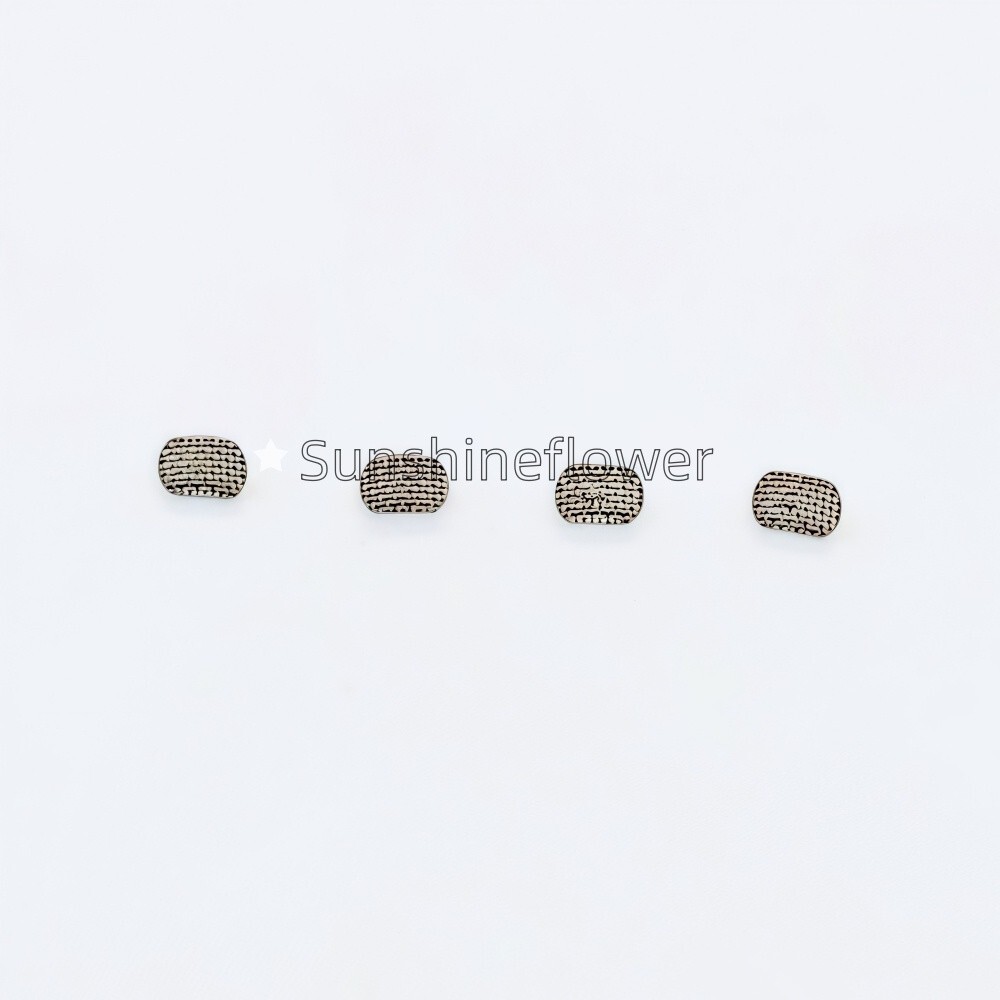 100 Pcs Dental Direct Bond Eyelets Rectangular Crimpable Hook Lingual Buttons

...

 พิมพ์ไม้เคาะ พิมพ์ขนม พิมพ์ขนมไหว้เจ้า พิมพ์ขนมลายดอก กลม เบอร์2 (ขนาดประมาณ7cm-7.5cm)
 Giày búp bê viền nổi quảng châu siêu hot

| Task requirements |
Write down exactly the span of lines above from the one containing "พิมพ์ไม้เคาะ พิมพ์ขนม พิมพ์ขนมไหว้เจ้า" to the one containing "Giày búp bê viền nổi quảng châu siêu hot", both ends included.

| Solution |
 พิมพ์ไม้เคาะ พิมพ์ขนม พิมพ์ขนมไหว้เจ้า พิมพ์ขนมลายดอก กลม เบอร์2 (ขนาดประมาณ7cm-7.5cm)
 Giày búp bê viền nổi quảng châu siêu hot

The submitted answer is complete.